YOUR OBJECTIVE:
Only one span of the material below is wanted. Output it exactly, from the line with "The Wood Sorrel" through the line with "Smart Car issues", without any pictures.

EXCERPTED RECORDS:
* * * * * * *

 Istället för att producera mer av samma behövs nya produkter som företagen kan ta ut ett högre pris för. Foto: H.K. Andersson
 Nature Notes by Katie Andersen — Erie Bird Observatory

* * * * * * *

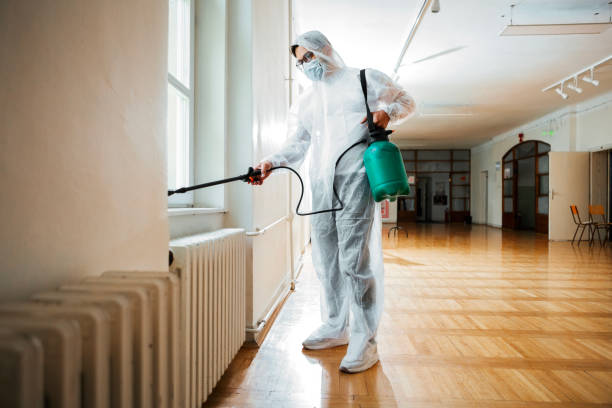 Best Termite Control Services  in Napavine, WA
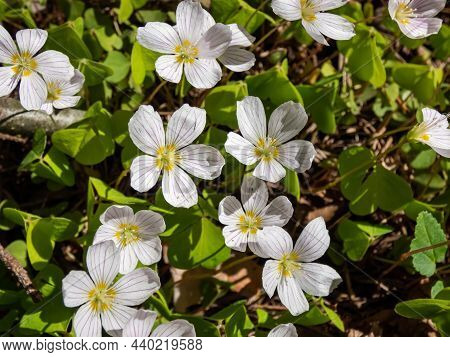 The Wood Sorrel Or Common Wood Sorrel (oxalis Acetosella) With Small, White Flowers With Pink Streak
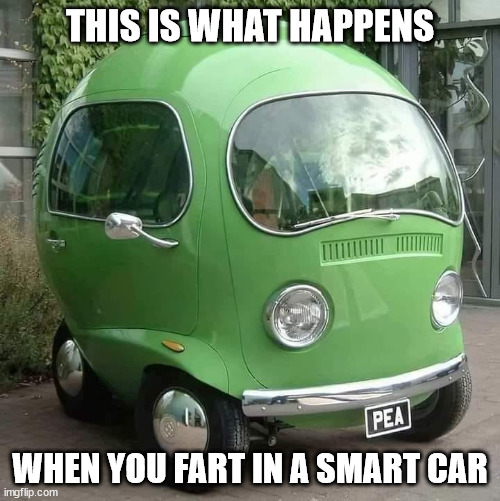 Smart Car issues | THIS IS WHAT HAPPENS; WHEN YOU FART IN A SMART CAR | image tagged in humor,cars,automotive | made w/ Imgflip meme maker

* * * * * * *

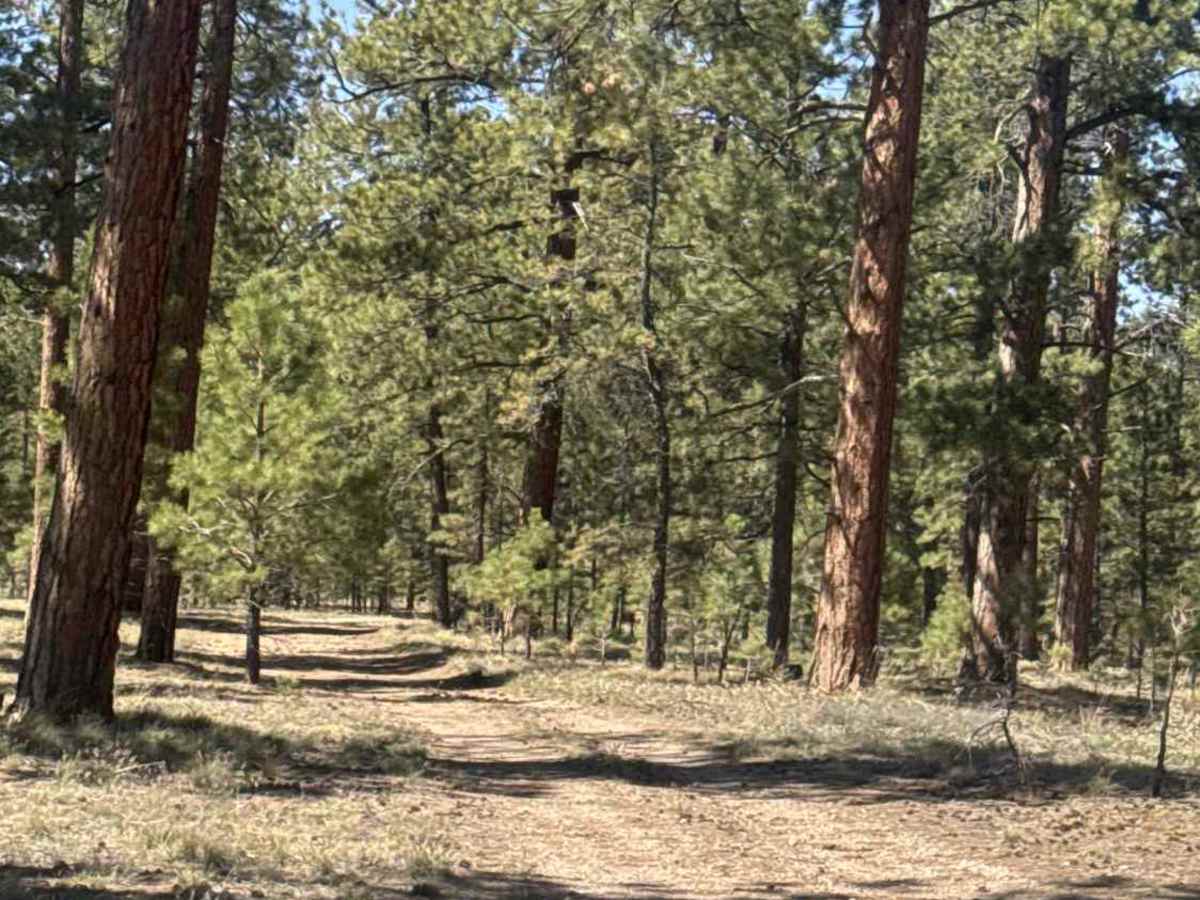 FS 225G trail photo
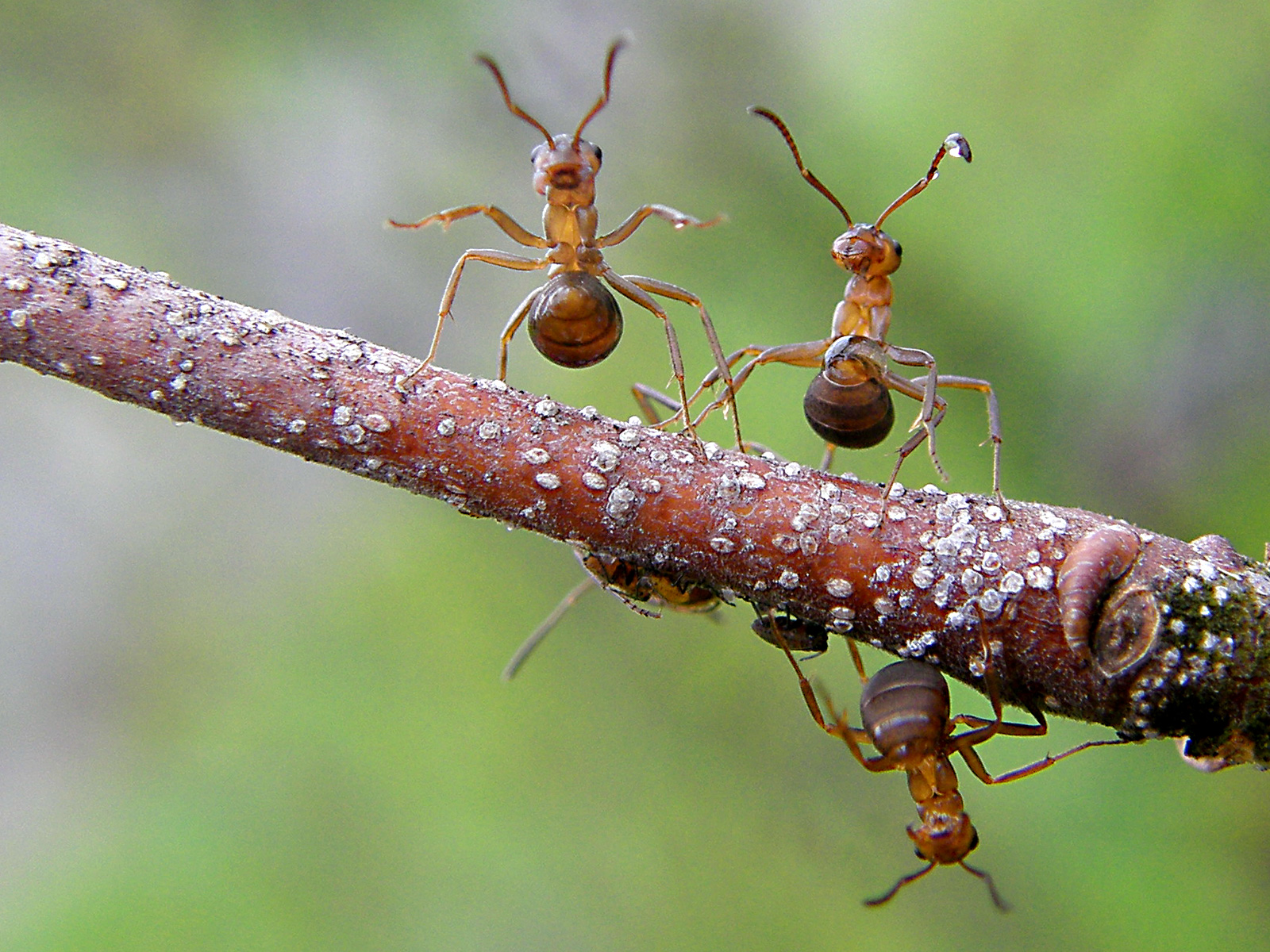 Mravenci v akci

* * * * * * *

REPLY:
 The Wood Sorrel Or Common Wood Sorrel (oxalis Acetosella) With Small, White Flowers With Pink Streak
 Smart Car issues | THIS IS WHAT HAPPENS; WHEN YOU FART IN A SMART CAR | image tagged in humor,cars,automotive | made w/ Imgflip meme maker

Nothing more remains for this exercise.